From: Minchan Kim <minchan@kernel.org>
To: Sultan Alsawaf <sultan@kerneltoast.com>
Cc: stable@vger.kernel.org, Nitin Gupta <ngupta@vflare.org>,
	Sergey Senozhatsky <senozhatsky@chromium.org>,
	Andrew Morton <akpm@linux-foundation.org>,
	linux-mm@kvack.org, linux-kernel@vger.kernel.org
Subject: Re: [PATCH] zsmalloc: Fix races between asynchronous zspage free and page migration
Date: Wed, 11 May 2022 14:07:19 -0700	[thread overview]
Message-ID: <Ynwlh3RT0PAYpWpD@google.com> (raw)
In-Reply-To: <YnwTfBLn+6vYSe59@sultan-box.localdomain>

On Wed, May 11, 2022 at 12:50:20PM -0700, Sultan Alsawaf wrote:
> On Wed, May 11, 2022 at 11:01:01AM -0700, Minchan Kim wrote:
> > On Sun, May 08, 2022 at 07:47:02PM -0700, Sultan Alsawaf wrote:
> > > Cc: stable@vger.kernel.org
> > > Fixes: 48b4800a1c6a ("zsmalloc: page migration support")
> > 
> > Shouldn't the fix be Fixes: 77ff465799c6 ("zsmalloc: zs_page_migrate: skip
> > unnecessary loops but not return -EBUSY if zspage is not inuse)?
> > Because we didn't migrate ZS_EMPTY pages before.
> 
> Hi,
> 
> Yeah, 77ff465799c6 indeed seems like the commit that introduced the bug.
> 
> > I couldn't get the point here.
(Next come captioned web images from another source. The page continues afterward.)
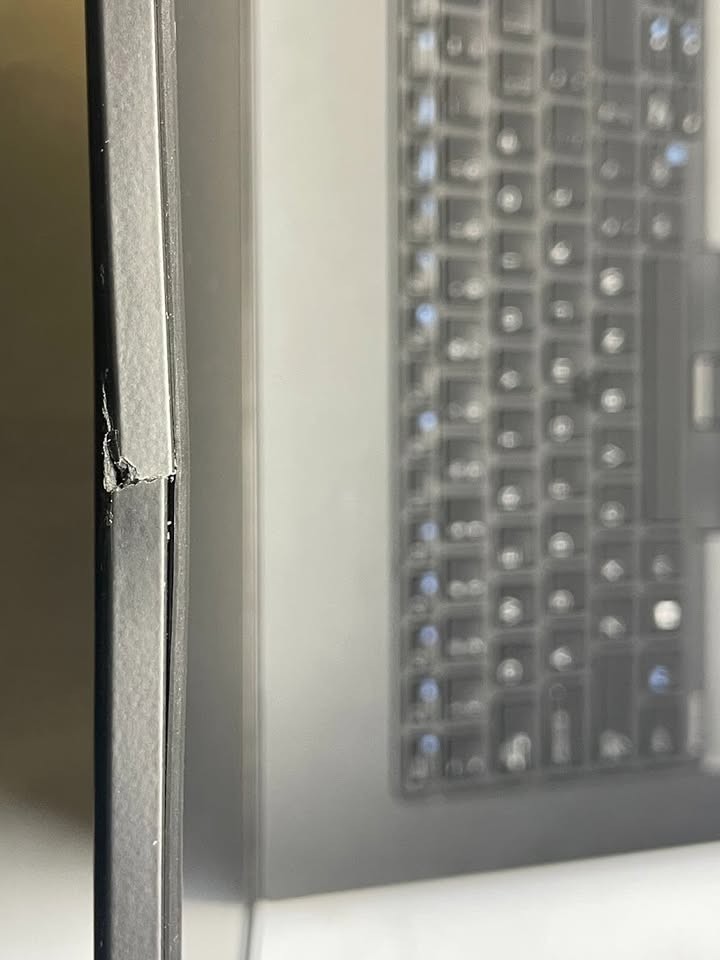 Dell Precision 7730, Xeon E-2176M, 16GB RAM, 512GB SSD, Quadro P3200 6GB GPU, 17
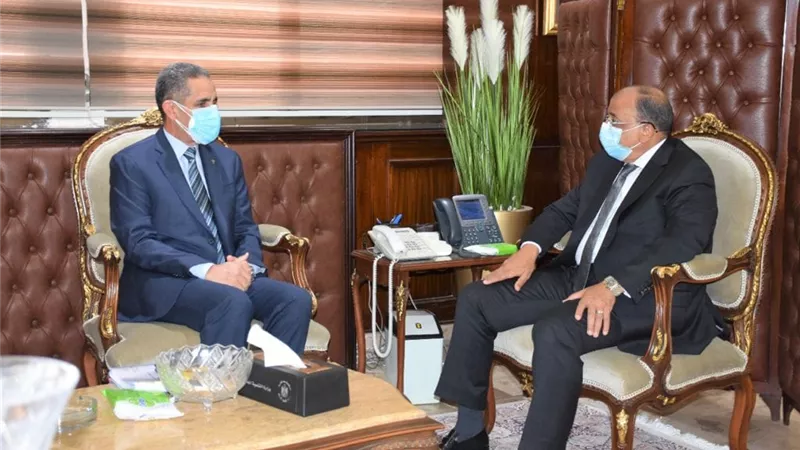 وزير التنمية المحلية يشيد بالأجهزة التنفيذية بالغربية في توفير أراضى حياة كريمة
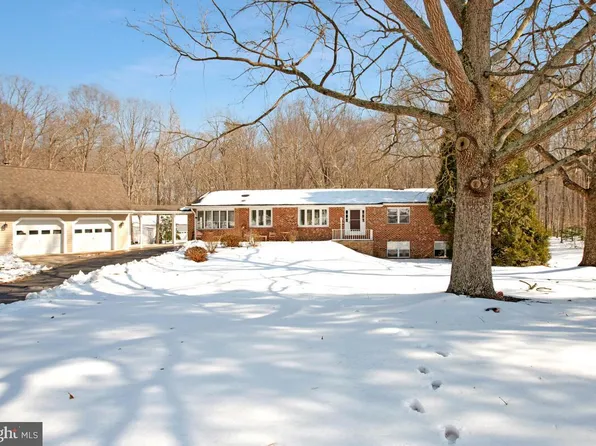 2451 Boxwood Pl, Huntingtown, MD 20639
Why couldn't we simple lock zspage migration?
> > 
> > diff --git a/mm/zsmalloc.c b/mm/zsmalloc.c
> > index 9152fbde33b5..05ff2315b7b1 100644
> > --- a/mm/zsmalloc.c
> > +++ b/mm/zsmalloc.c
> > @@ -1987,7 +1987,10 @@ static void async_free_zspage(struct work_struct *work)
> >  
> >         list_for_each_entry_safe(zspage, tmp, &free_pages, list) {
> >                 list_del(&zspage->list);
> > +
> > +               migrate_read_lock(zspage);
> >                 lock_zspage(zspage);
> > +               migrate_read_unlock(zspage);
> >  
> >                 get_zspage_mapping(zspage, &class_idx, &fullness);
> >                 VM_BUG_ON(fullness != ZS_EMPTY);
> 
> There are two problems with this:
> 1. migrate_read_lock() is a rwlock and lock_page() can sleep.
> 2. This will cause a deadlock because it violates the lock ordering in
>    zs_page_migrate(), since zs_page_migrate() takes migrate_write_lock() under
>    the page lock.
> 

That's true. Thanks!

Then, how about this?

diff --git a/mm/zsmalloc.c b/mm/zsmalloc.c
index 9152fbde33b5..2f205c18aee4 100644
--- a/mm/zsmalloc.c
+++ b/mm/zsmalloc.c
@@ -1716,12 +1716,31 @@ static enum fullness_group putback_zspage(struct size_class *class,
  * To prevent zspage destroy during migration, zspage freeing should
  * hold locks of all pages in the zspage.
  */
-static void lock_zspage(struct zspage *zspage)
+static void lock_zspage(struct zs_pool *pool, struct zspage *zspage)
 {
-       struct page *page = get_first_page(zspage);
-
+       struct page *page;
+       int nr_locked;
+       struct page *locked_pages[ZS_MAX_PAGES_PER_ZSPAGE];
+       struct address_space *mapping;
+retry:
+       nr_locked = 0;
+       memset(locked_pages, 0, sizeof(struct page) * ARRAY_SIZE(locked_pages));
+       page = get_first_page(zspage);
        do {
                lock_page(page);
+               locked_pages[nr_locked++] = page;
+               /*
+                * subpage in the zspage could be migrated under us so
+                * verify it. Once it happens, retry the lock sequence.
+                */
+               mapping = page_mapping(page)
+               if (mapping != pool->inode->i_mapping ||
+                   page_private(page) != (unsigned long)zspage) {
+                       do {
+                               unlock_page(locked_pages[--nr_locked]);
+                       } while (nr_locked > 0)
+                       goto retry;
+               }
        } while ((page = get_next_page(page)) != NULL);
 }

@@ -1987,7 +2006,7 @@ static void async_free_zspage(struct work_struct *work)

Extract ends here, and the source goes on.